Забавно вспоминать, как она воспитывала во мне мужчину. В детском саду и в школе всегда, стоило мне познакомиться с какой-то девочкой, она подробно расспрашивала, понравилась ли она мне, а когда я отвечал, что да, понравилась, она расцветала и говорила: "Ну всё, значит, теперь будем копить на Юленьку, Машеньку, Оленьку и т.п." Видимо, она ещё с детства хотела вложить мне в голову мысль, что все женщины продаются и покупаются. Часто расхваливала разных девочек, судя по красоте их поп. Мол, смотри, какая красивая, какая у неё шикарная попа! А я ещё удивлялся, при чём тут попа? Прошло пятнадцать лет, и до меня дошло, что это весьма существенный критерий для мужчины при выборе партнёрши.
Чем больше я вспоминаю Галю сейчас, тем больше осознаю, что никогда по-настоящему её не знал. Она запомнилась мне этаким лучиком света в оконце, идеалом, добрейшей бабушкой, которая в свои 60 запросто тянула на 40, фонтанировала миллиардами планов и идей, в ком энергии хватило бы, чтобы осветить весь Благовещенск. Но время от времени в памяти всплывают какие-то её двусмысленные взгляды, шуточки, истории, сути которых в детстве я не понимал. Как-то мама дала мне почитать любовные письма своего отца, Галиного первого мужа, которого та бросила. Под сложившийся от чтения образ лучше всего подойдут слова «роковая женщина». Всё то, что запомнил я − лишь вершина айсберга, а на самом деле она была сложным человеком с неоднозначной судьбой, и о том, что происходило у неё в душе, какие кульбиты она переживала, мне остаётся только гадать.

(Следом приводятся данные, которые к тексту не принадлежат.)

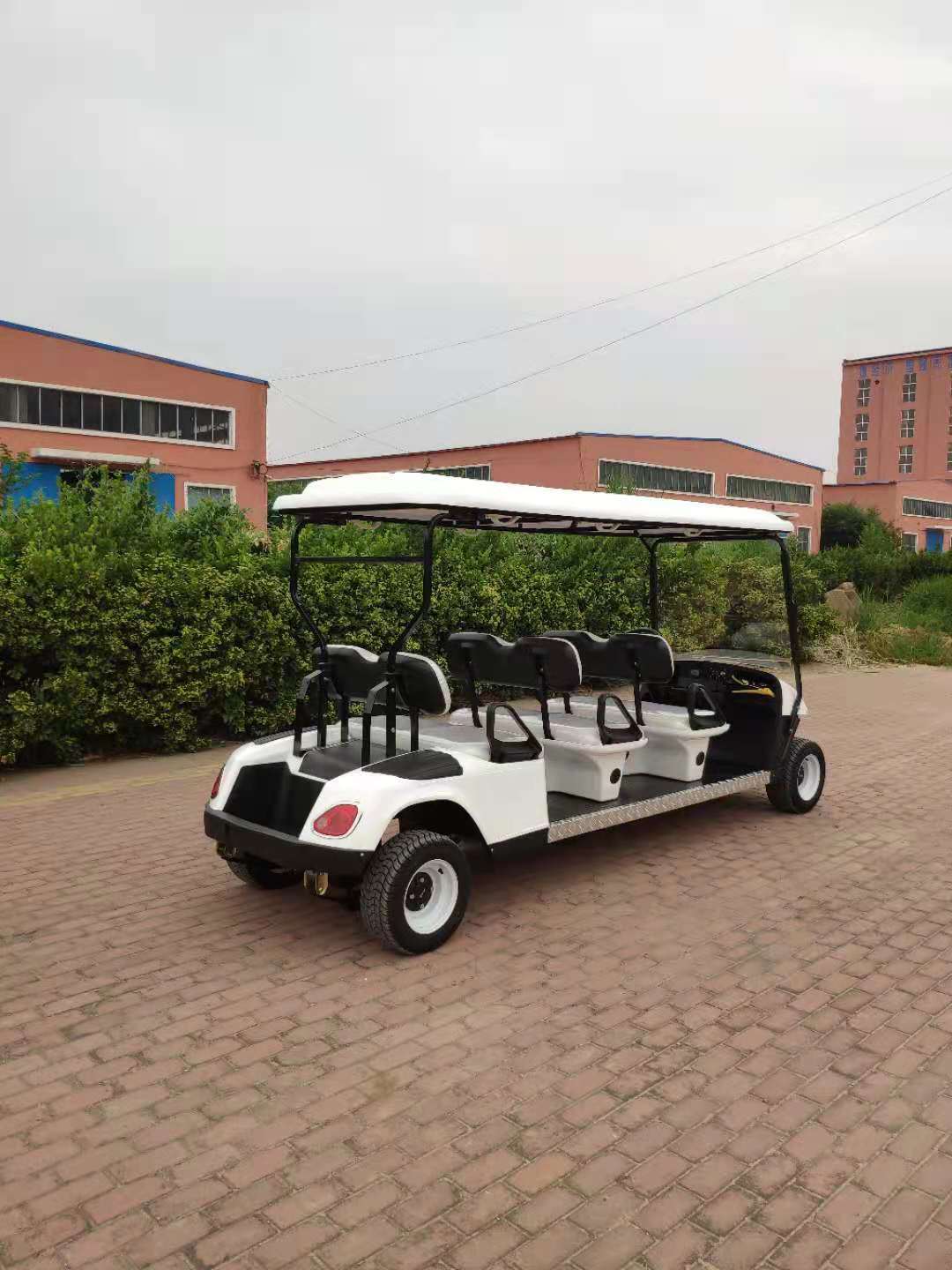 Carro de golf eléctrico de 6 asientos
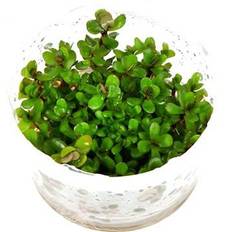 1-2-Grow Tropica Rotala indica 'Bonsai'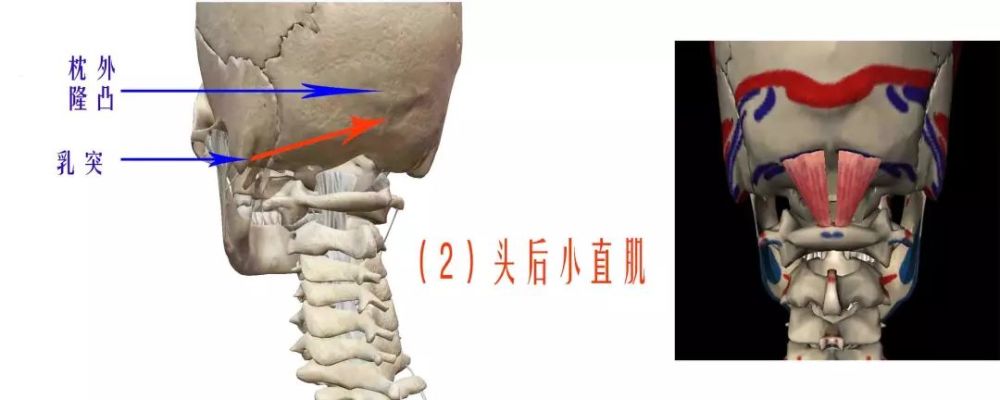 揉点牵抗,眼脊联动——居家放松背部和缓解视疲劳的方法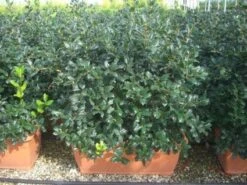 Hulst, Meeneemhaag (Ilex 'Nellie R Stevens')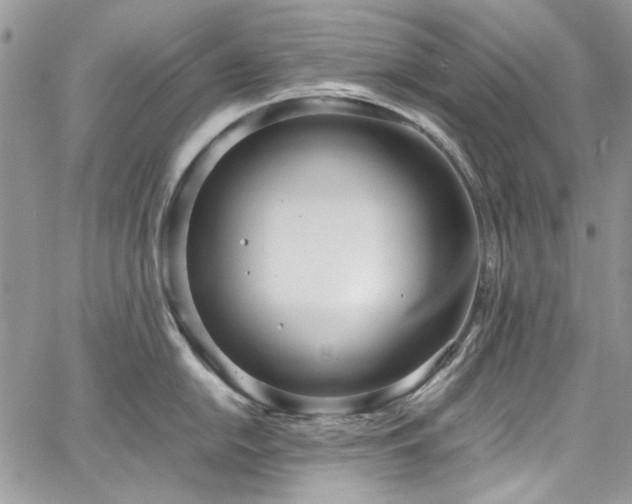 X0000067951054200604201426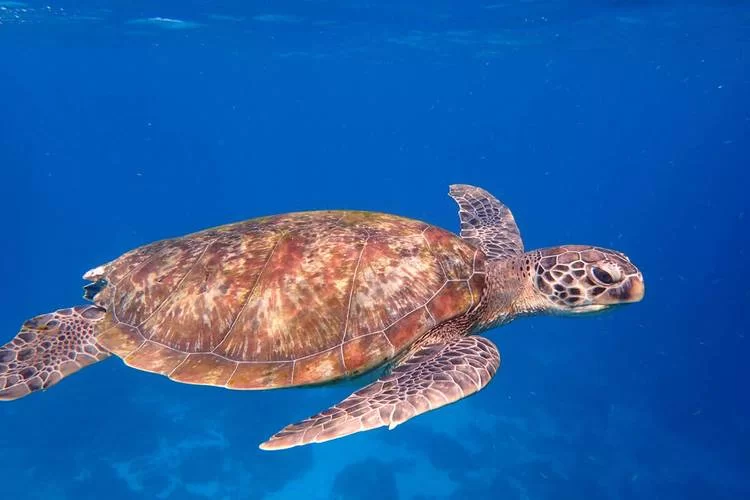 海龟的英文是什么？不同种类的海龟英文名也有区别哦！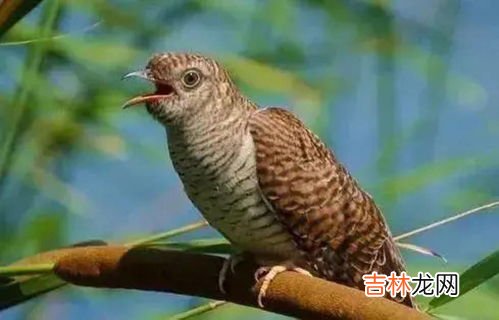 杜鹃鸟的习性是什么,四声杜鹃的外形特征有哪些？四声杜鹃的生活习性有哪些？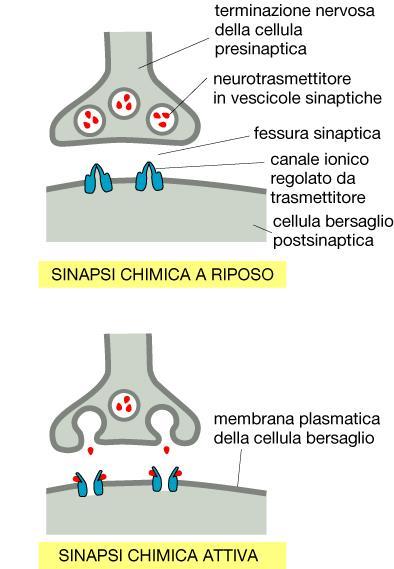 Nella sinapsi chimica, il segnale elettrico presinaptico (impulso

Однажды, когда Галя уже лет пять не появлялась на экране, к ней за интервью пришёл известный журналист, который когда-то в детстве смотрел её "В гостях у сказки". Под конец беседы он спросил, каково это, пропасть из виду, перестать быть телезвездой? Он ждал от Гали вдумчивых размышлений, но получил краткий ответ: у каждого времени свои герои. А ведь за этими словами – большая драма.
И вот, когда мне было одиннадцать, её не стало. Был поздний ноябрь, снег уже лежал сугробами. В свете ночника я читал приключенческую книжку и нетерпеливо ждал, когда же откроется входная дверь, и Галя вплывёт в своей холодной с мороза норковой шубе, как всегда, цветущая, румяная, надушенная парфюмом. Было уже поздно, а её всё не было. Вдруг в тишине зазвонил телефон, громко ахнула в прихожей мама, родители быстро собрались и ушли. "Не жди нас, ложись спать", − сказали мне. Я сидел в пустой тёмной квартире над книгой, то и дело поглядывая на часы. В полночь, когда родители не вернулись, я забеспокоился, но мне ничего не оставалось, как лечь спать. "Хоть бы с Галей ничего не случилось", − сказал тогда я, помолился за её здоровье и уснул. Я уже догадывался, что и правда что-то случилось, но тогда мне казалось, что это очередной приступ аритмии, и Галю повезли в больницу, где она побудет пару дней и выйдет – так раньше уже бывало. На утро меня отвезли в художественную школу, я малевал очередной натюрморт, не задумываясь даже, почему утром Гали не было дома, а потом на перемене ко мне вдруг подкралась наша учительница по ДПИ и осторожно спросила: "Ярик, а у тебя что, бабушка умерла вчера?"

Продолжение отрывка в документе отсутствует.